Task to carry out: Everything from the line containing "Se vende Local" through the line containing "PODSTREK MLADIM TALENTIMA: U" in the listing below should be copied exactly, and nothing more.

Records for the task:
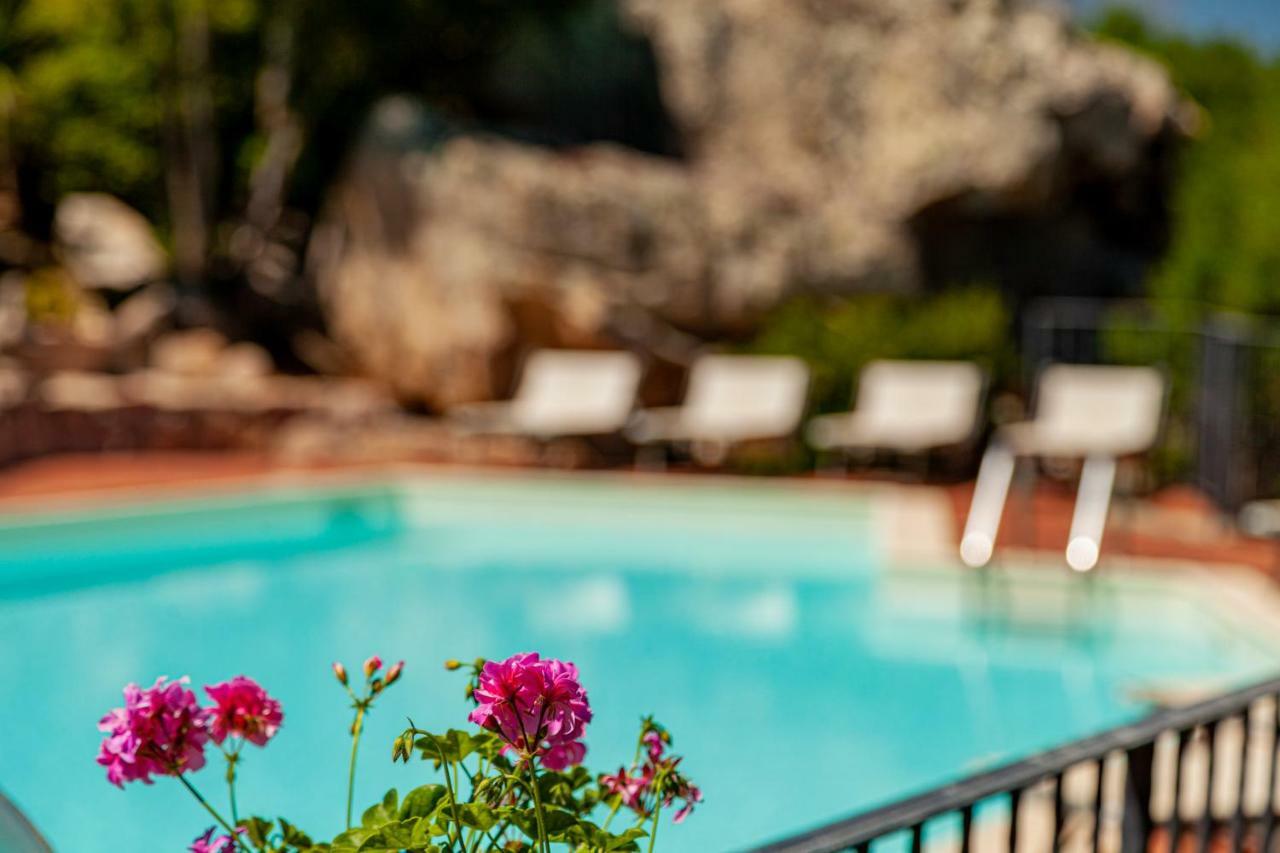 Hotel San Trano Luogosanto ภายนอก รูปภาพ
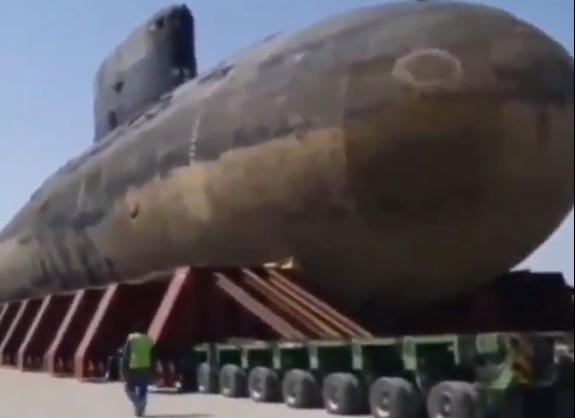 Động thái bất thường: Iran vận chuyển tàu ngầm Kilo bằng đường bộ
---
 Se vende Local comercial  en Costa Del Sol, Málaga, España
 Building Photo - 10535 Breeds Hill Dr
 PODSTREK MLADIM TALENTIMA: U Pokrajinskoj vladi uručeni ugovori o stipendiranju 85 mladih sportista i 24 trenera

Finished exercise:
 Se vende Local comercial  en Costa Del Sol, Málaga, España
 Building Photo - 10535 Breeds Hill Dr
 PODSTREK MLADIM TALENTIMA: U Pokrajinskoj vladi uručeni ugovori o stipendiranju 85 mladih sportista i 24 trenera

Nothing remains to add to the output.